[[ DATASET RECORDS open ]]

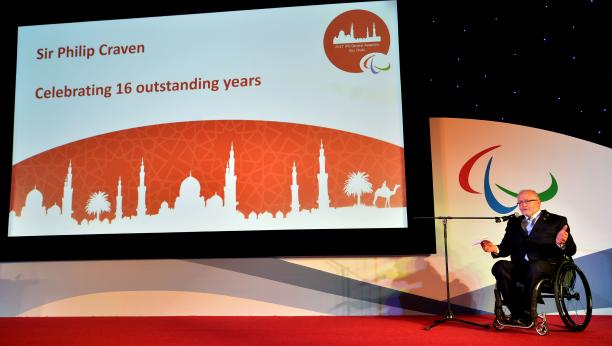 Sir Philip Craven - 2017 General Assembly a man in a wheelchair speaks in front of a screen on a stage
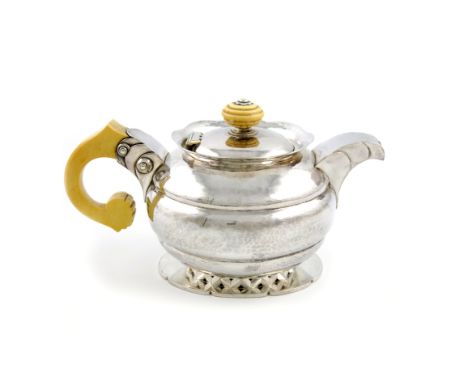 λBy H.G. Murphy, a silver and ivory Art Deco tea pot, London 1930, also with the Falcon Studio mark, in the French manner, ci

[[ DATASET RECORDS closed ]]
[[ DATASET RECORDS open ]]

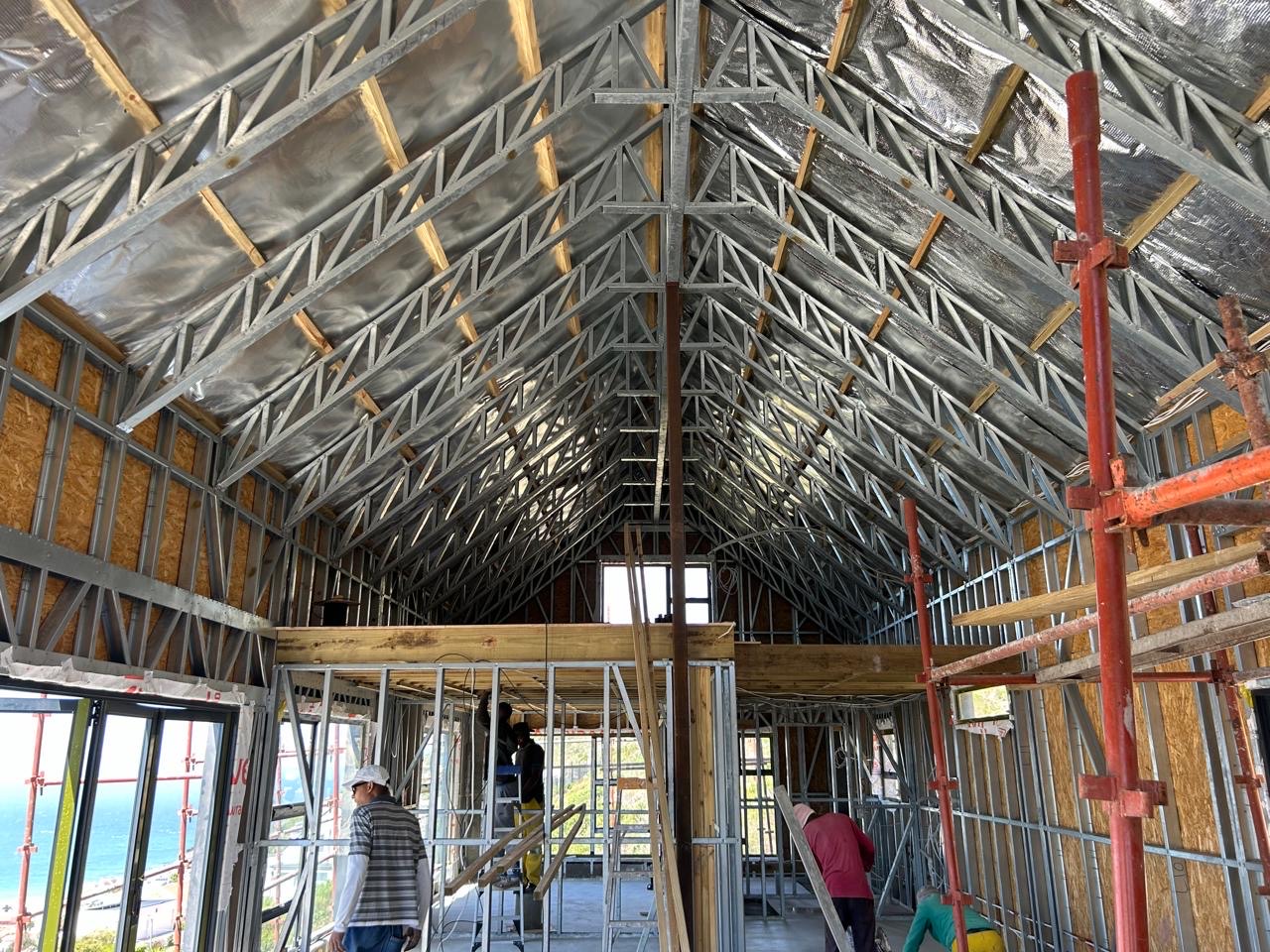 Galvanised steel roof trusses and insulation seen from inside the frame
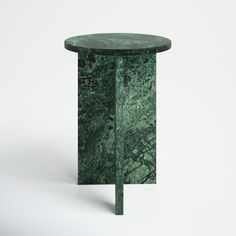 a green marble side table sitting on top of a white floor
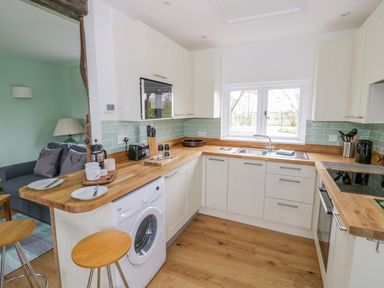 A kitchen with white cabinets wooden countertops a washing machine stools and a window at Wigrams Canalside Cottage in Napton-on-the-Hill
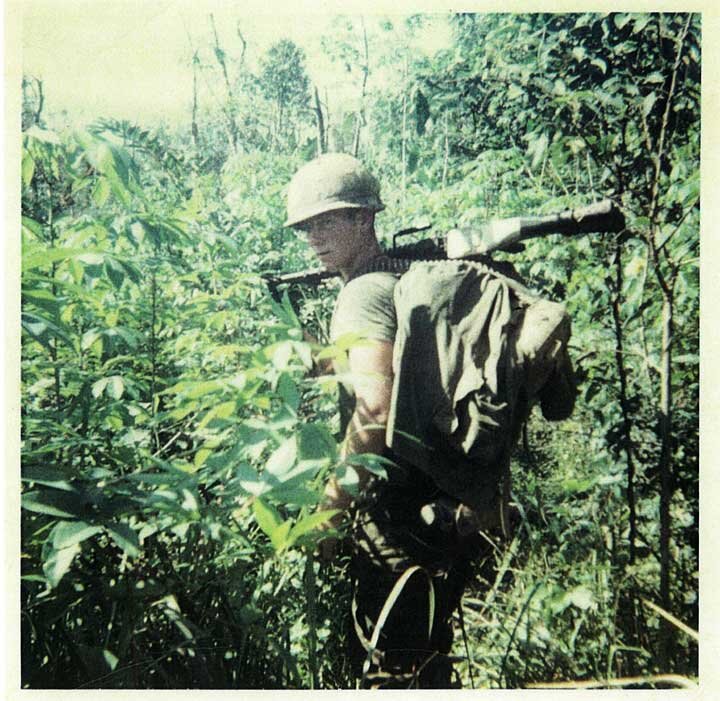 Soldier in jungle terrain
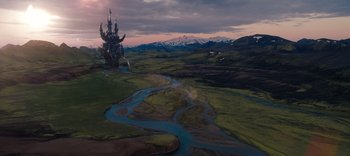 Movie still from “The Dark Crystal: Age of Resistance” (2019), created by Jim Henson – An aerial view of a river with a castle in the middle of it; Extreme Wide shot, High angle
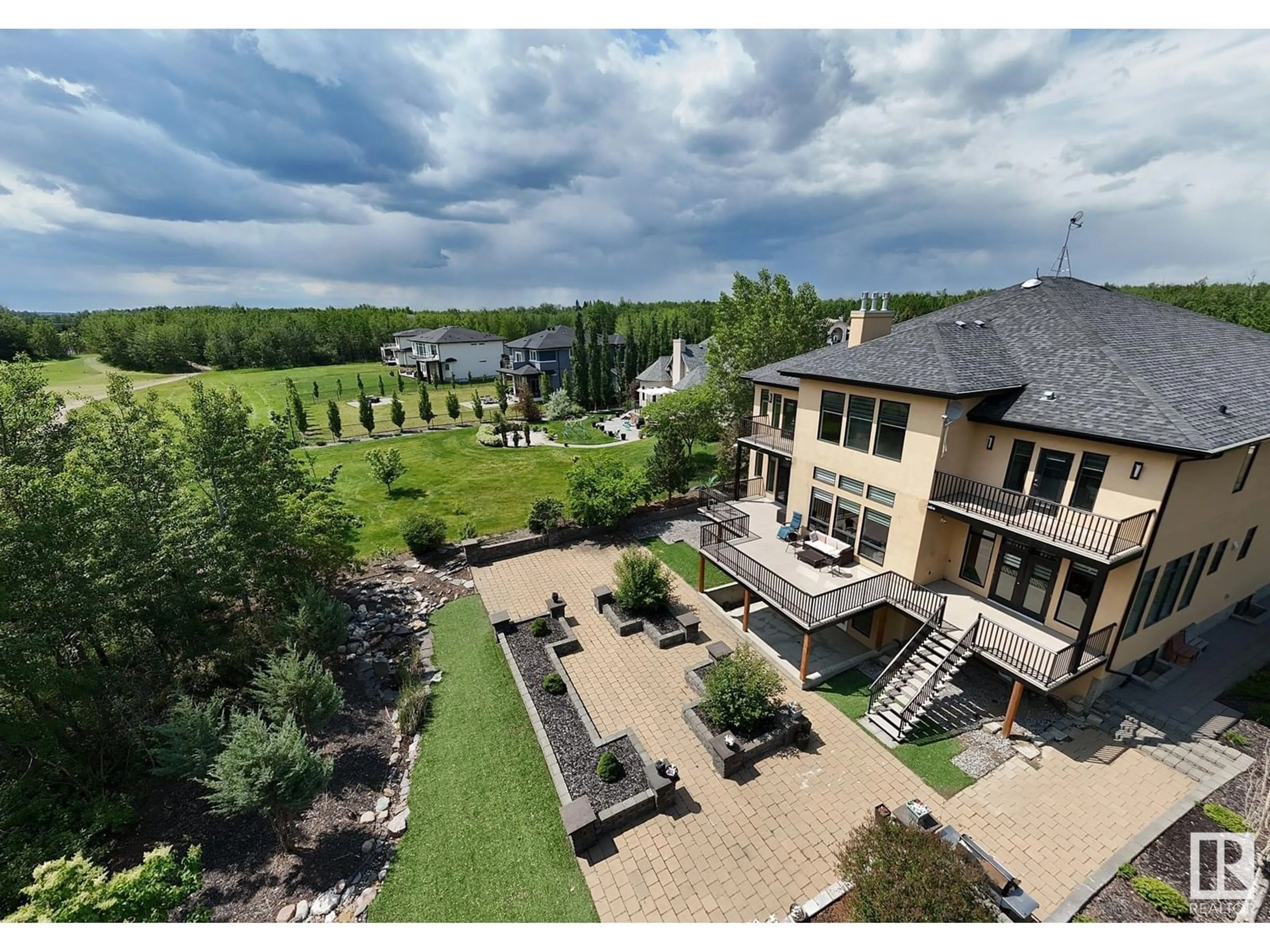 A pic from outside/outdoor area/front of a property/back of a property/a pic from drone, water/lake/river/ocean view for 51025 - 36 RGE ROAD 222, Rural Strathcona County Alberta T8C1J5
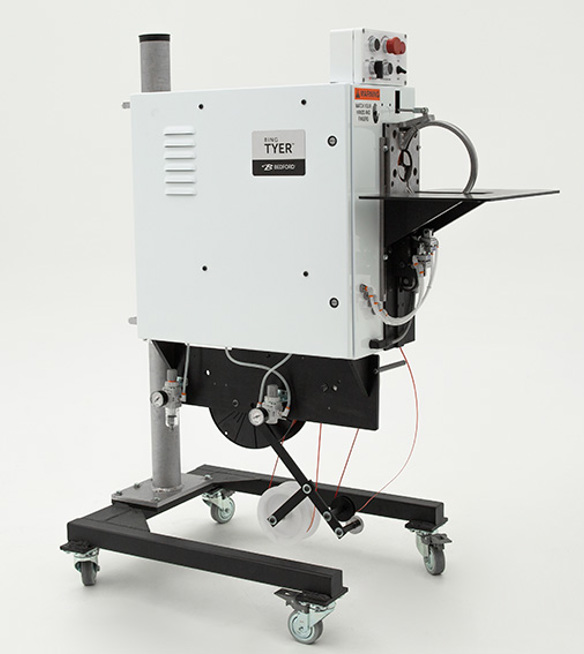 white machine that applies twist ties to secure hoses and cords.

[[ DATASET RECORDS closed ]]
[[ DATASET RECORDS open ]]

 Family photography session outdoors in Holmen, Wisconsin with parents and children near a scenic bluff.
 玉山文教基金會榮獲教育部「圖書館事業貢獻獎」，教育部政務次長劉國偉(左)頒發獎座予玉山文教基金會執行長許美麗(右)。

[[ DATASET RECORDS closed ]]

### WORK REQUEST
Look through the entries above and quote exactly the lines from the line with "Family photography session" to the line with "玉山文教基金會榮獲教育部「圖", counting both of those lines.

### OUTPUT BELOW
 Family photography session outdoors in Holmen, Wisconsin with parents and children near a scenic bluff.
 玉山文教基金會榮獲教育部「圖書館事業貢獻獎」，教育部政務次長劉國偉(左)頒發獎座予玉山文教基金會執行長許美麗(右)。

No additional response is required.